**About this exercise**: When you reproduce the data, keep every word exactly as it stands and leave the pictures out.

**Given material**:
════════
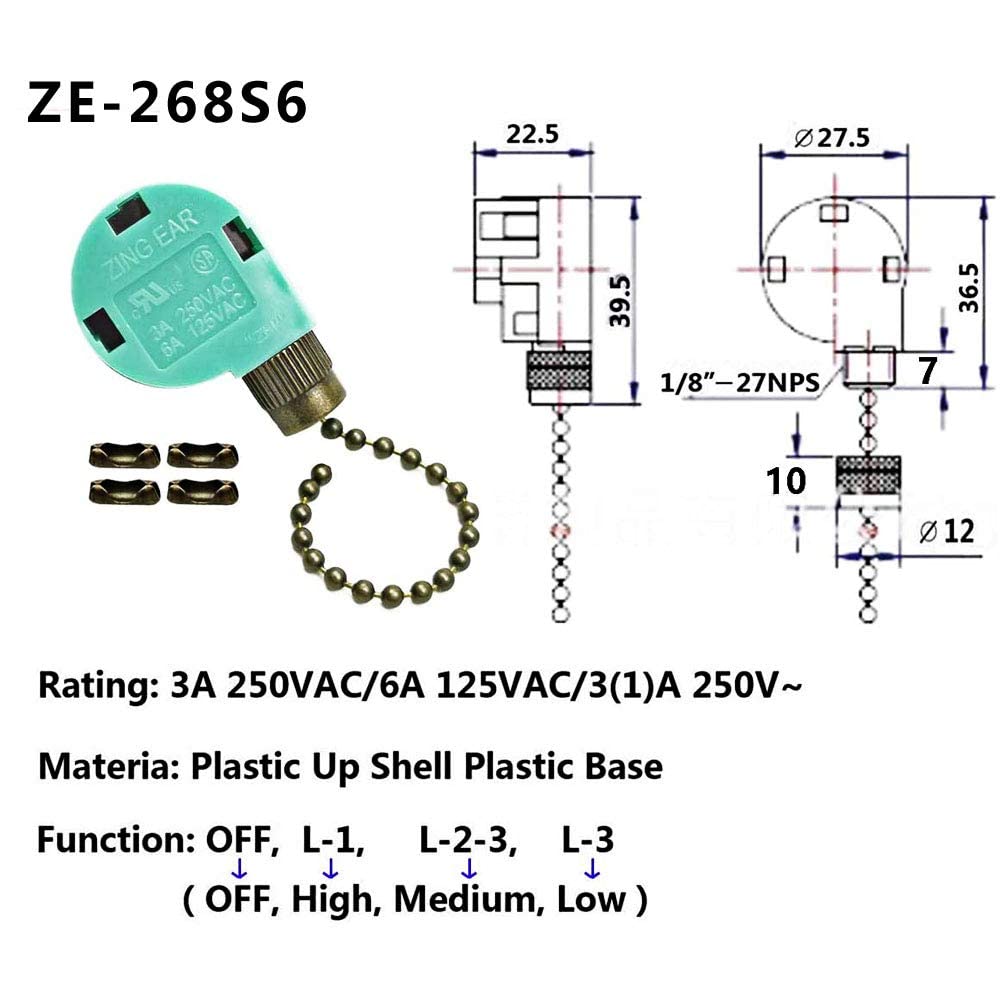 Akahttbn Ceiling Fan Switch ZE-268S6 3 Speed 4 Wire Bronze Zing Ear For Ceiling Light Fans Lamps and Wall Lights Pull Chain Switch Replacement On-Off with Pull Chain,1 Pack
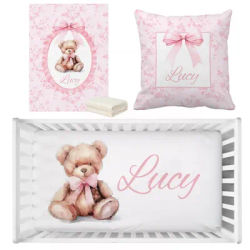 LVYZIHO Custom Name Cute Bear Crib Bedding Set Girl, Vintage Floral Baby Blanket, Baby Crib Sheet, Baby Pillowcase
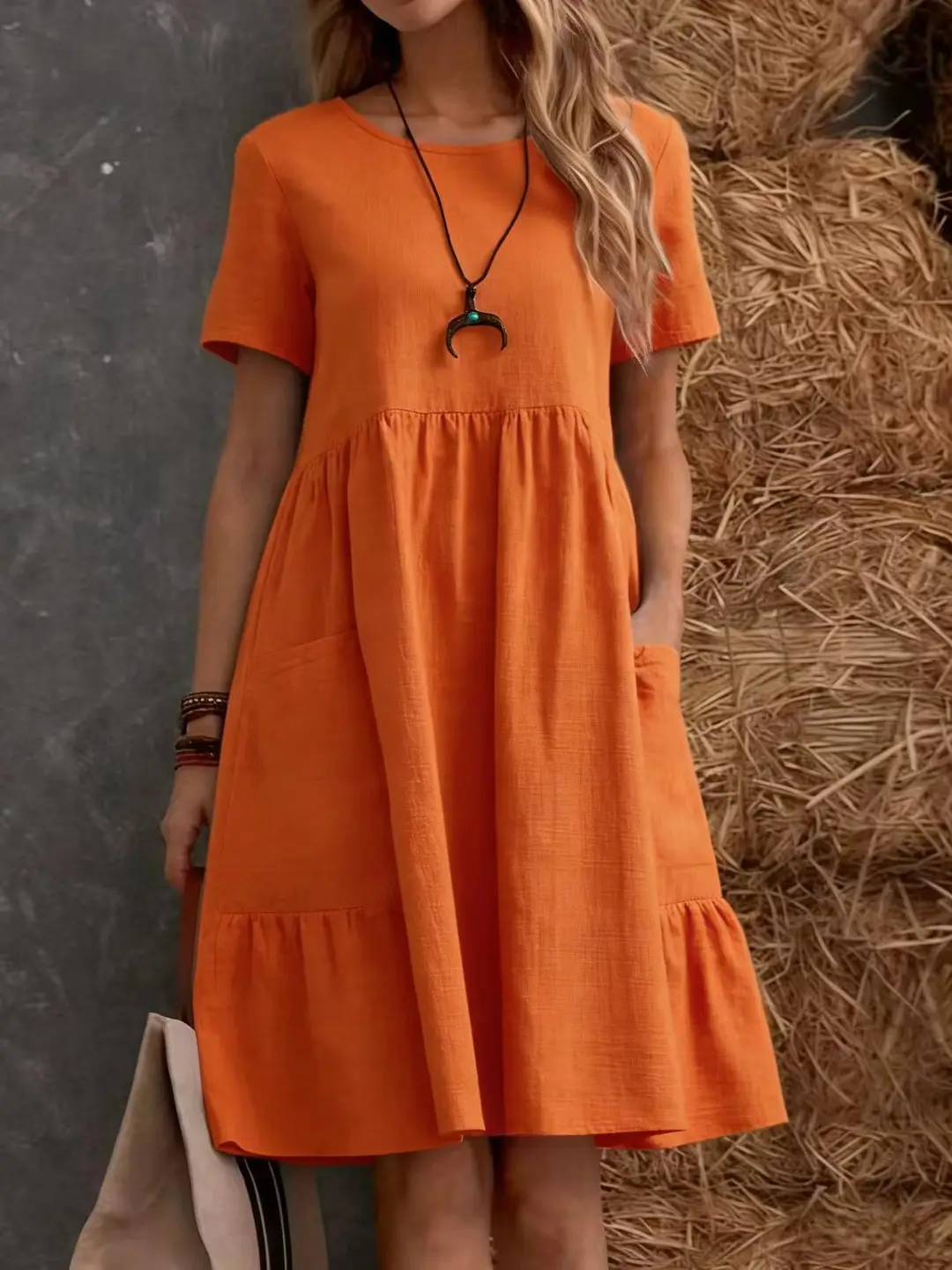 2026 Summer European and American Cross-Border Temu Independent Site Vintage Loose Pocket Solid Color Round Neck Women's Cotton and Linen Dress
════════
**Solution to this exercise**:
 Akahttbn Ceiling Fan Switch ZE-268S6 3 Speed 4 Wire Bronze Zing Ear For Ceiling Light Fans Lamps and Wall Lights Pull Chain Switch Replacement On-Off with Pull Chain,1 Pack
 LVYZIHO Custom Name Cute Bear Crib Bedding Set Girl, Vintage Floral Baby Blanket, Baby Crib Sheet, Baby Pillowcase
 2026 Summer European and American Cross-Border Temu Independent Site Vintage Loose Pocket Solid Color Round Neck Women's Cotton and Linen Dress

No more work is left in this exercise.